“As far back as I can remember, I always wanted to be a gangster.” Those are infamous words that open Martin Scorsese‘s genre-defining crime drama, Goodfellas. This cinematic masterpiece would go on to be nominated for six Academy Awards, set the high-water mark for all future films relating to organized crime and leave an undeniable mark on the pop culture landscape. For one man, this is more then just a simple Hollywood motion picture, it was his life.
If you are familiar with Goodfellas, you already know a little bit about the world of Henry Hill. He was born in 1943 in Brooklyn, New York. At the time, the area was dominated by the powerful Lucchese Crime Family. Growing up, he became fascinated by the gangsters and their lifestyle. It wouldn’t take long for him to become caught up in their world. He quickly became part of New York’s mafia scene and even managed to help pull off one off the infamous 1978 Lufthansa heist, one of the biggest airport heists in history.

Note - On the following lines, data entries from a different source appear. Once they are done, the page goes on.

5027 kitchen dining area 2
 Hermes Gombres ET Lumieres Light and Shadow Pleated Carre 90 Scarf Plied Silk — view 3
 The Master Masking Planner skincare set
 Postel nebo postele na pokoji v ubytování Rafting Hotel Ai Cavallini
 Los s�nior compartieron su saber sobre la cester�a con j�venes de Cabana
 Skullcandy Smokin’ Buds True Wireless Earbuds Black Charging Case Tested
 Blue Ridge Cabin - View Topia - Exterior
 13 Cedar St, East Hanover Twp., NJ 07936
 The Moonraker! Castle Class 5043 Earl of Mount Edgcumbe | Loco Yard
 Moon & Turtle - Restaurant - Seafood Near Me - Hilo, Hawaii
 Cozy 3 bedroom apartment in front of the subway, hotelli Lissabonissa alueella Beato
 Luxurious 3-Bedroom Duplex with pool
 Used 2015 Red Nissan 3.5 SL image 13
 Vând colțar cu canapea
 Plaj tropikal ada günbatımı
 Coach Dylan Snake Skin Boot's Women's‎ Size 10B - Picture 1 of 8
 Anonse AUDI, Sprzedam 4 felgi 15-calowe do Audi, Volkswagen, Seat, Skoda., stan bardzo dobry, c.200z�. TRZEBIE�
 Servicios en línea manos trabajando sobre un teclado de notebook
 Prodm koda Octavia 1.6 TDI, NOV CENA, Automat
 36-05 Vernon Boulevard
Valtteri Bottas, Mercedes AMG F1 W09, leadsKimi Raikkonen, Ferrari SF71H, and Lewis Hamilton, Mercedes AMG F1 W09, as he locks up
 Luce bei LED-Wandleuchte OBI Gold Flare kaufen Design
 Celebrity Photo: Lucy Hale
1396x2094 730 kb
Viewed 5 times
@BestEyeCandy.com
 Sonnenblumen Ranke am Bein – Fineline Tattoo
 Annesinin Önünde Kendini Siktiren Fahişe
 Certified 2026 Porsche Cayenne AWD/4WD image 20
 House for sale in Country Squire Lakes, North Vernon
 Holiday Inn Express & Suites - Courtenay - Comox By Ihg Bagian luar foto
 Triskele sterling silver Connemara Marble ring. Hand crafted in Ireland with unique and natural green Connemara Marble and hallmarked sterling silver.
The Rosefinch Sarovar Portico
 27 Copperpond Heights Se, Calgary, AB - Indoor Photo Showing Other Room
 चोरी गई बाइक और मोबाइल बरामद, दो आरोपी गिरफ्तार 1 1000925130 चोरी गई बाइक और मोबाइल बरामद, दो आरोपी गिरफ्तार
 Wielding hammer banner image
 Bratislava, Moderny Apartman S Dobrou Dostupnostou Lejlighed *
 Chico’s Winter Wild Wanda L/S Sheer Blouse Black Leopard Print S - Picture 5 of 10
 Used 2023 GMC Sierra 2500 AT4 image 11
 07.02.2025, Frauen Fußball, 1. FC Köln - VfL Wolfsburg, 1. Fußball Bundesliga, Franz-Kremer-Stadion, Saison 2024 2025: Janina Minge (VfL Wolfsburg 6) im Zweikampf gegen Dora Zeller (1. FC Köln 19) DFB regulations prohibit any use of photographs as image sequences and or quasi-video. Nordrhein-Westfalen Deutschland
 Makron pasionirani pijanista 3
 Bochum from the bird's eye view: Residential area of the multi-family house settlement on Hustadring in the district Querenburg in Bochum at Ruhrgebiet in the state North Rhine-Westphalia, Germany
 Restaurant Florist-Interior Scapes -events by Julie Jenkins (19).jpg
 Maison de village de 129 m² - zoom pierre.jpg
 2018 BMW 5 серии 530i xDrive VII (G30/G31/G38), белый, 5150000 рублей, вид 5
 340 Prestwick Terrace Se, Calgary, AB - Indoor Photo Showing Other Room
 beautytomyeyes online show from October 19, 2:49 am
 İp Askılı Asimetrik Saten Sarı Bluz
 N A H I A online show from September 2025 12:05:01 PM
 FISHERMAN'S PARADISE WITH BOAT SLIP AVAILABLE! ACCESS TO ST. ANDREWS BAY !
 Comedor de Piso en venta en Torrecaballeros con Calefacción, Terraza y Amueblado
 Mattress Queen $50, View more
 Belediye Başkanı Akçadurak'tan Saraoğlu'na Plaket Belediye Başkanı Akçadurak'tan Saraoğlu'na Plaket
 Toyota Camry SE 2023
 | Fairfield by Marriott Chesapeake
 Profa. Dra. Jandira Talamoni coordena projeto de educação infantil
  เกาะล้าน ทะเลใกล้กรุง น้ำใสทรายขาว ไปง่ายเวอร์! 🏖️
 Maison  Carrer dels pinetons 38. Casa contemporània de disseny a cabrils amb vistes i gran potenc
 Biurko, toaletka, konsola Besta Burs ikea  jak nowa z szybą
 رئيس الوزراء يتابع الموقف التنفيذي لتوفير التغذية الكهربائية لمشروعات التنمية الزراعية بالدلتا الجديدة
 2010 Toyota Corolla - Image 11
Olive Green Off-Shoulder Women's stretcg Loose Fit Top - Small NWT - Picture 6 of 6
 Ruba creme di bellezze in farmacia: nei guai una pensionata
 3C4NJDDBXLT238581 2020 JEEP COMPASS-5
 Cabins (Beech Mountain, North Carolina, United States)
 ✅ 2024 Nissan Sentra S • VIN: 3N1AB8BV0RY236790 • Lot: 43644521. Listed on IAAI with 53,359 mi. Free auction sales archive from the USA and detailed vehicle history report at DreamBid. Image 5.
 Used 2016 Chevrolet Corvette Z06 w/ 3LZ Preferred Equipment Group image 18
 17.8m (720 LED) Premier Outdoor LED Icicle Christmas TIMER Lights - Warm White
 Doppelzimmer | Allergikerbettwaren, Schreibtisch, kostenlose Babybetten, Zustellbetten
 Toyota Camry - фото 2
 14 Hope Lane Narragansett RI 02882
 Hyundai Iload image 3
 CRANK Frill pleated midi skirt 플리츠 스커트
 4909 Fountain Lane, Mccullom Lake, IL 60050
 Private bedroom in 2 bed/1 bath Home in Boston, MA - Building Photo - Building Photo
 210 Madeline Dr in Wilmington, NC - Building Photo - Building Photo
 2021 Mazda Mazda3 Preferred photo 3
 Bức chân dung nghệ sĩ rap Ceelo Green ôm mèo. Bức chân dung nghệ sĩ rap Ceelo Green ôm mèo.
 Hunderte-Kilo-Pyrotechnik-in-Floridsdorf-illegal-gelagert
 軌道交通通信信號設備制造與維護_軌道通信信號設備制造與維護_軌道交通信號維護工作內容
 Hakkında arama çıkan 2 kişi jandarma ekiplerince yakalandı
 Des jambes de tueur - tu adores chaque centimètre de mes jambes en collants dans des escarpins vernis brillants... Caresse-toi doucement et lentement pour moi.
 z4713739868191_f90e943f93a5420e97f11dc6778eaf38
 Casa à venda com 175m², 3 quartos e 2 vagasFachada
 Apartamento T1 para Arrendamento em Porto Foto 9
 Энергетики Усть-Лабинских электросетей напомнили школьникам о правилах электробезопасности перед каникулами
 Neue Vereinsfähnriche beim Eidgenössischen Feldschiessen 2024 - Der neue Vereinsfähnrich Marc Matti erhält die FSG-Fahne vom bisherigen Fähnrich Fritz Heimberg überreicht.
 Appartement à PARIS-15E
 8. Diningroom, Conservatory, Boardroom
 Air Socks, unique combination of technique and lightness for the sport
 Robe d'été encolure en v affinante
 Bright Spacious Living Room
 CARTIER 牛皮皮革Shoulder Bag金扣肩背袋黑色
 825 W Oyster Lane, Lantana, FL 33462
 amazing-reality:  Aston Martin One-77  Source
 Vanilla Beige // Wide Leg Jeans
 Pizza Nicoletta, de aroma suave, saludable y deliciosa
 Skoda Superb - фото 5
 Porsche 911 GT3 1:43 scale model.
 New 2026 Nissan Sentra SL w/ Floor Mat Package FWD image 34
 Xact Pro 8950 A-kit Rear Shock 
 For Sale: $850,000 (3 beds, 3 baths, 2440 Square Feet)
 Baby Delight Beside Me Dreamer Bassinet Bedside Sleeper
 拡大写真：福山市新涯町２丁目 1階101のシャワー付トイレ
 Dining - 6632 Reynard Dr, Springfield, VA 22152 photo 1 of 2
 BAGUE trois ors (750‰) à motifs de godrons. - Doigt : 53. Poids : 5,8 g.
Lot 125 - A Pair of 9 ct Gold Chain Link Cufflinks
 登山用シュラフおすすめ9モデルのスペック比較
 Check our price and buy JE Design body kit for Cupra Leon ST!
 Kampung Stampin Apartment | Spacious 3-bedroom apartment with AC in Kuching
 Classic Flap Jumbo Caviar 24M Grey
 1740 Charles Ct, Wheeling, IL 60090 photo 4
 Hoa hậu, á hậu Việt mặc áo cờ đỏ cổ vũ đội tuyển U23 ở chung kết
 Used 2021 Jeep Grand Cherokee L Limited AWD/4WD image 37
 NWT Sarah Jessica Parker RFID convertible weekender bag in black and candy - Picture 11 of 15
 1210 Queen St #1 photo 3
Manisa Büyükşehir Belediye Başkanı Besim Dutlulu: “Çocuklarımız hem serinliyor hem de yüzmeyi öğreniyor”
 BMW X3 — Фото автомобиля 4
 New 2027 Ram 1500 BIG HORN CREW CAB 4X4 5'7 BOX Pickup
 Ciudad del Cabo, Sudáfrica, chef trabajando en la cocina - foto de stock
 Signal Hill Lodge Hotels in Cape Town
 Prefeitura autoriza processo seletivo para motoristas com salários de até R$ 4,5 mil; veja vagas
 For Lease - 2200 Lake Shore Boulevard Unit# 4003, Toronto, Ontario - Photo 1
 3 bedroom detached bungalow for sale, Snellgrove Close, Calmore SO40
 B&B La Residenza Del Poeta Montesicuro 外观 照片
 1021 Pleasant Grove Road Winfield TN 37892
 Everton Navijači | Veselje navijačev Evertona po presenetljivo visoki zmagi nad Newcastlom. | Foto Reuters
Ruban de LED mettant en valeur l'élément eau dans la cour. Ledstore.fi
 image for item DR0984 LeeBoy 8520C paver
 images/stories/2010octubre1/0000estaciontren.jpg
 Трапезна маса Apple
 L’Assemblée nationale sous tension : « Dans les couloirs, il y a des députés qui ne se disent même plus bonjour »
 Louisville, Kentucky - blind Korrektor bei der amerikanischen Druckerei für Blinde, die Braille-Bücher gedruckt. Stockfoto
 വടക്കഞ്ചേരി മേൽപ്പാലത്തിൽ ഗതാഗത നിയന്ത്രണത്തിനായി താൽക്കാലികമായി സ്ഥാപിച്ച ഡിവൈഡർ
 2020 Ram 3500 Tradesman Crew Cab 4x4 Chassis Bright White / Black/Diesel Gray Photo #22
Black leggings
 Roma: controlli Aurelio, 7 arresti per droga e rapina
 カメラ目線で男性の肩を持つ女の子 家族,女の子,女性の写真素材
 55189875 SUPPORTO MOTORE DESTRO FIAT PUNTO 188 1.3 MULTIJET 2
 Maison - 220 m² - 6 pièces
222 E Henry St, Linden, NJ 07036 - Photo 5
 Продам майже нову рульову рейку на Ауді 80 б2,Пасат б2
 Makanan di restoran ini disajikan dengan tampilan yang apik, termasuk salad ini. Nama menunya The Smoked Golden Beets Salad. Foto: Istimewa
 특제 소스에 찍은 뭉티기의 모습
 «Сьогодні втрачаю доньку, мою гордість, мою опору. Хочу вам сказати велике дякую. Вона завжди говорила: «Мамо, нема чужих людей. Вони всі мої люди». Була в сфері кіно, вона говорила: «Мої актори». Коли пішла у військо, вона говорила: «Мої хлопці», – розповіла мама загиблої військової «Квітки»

Henry Hill was living his dream and was on top of the world, but all good things must come to an end. By 1980, his world began to crumble. He feared for his life and the life of his family as it became more apparent with each passing day, that his associate, Jimmy “The Gent” Burke, intended to kill him. It was for this reason that Hill decided to became a government informant and the self proclaimed “proudest rat in the United States.” His testimony led to approximately fifty convictions and he went into witness protection. During the closing lines of the film, Hill’s character laments that he has become “an average nobody” and would get to live the rest of his life like a schnook. Well, life sure has a funny way of turning out a lot differently than you had expected, even in the case of Henry Hill.
So what happened to Henry Hill after he left his mob life and the Witness Protection Program behind? We assure you that he is alive, well, enjoying semi-retirement and definitely not a schnook! Jason Price of Icon Vs. Icon recently sat down with this larger then life character to discuss his past, life after the mob, his artwork, his upcoming line of ‘”Sunday Gravy” pasta sauce and everything else that he has been planning over the past few years!
Now, go get your f*@kin’ shinebox!!!
How accurate was Martin Scorsese’s depiction of your world in his film, Goodfellas?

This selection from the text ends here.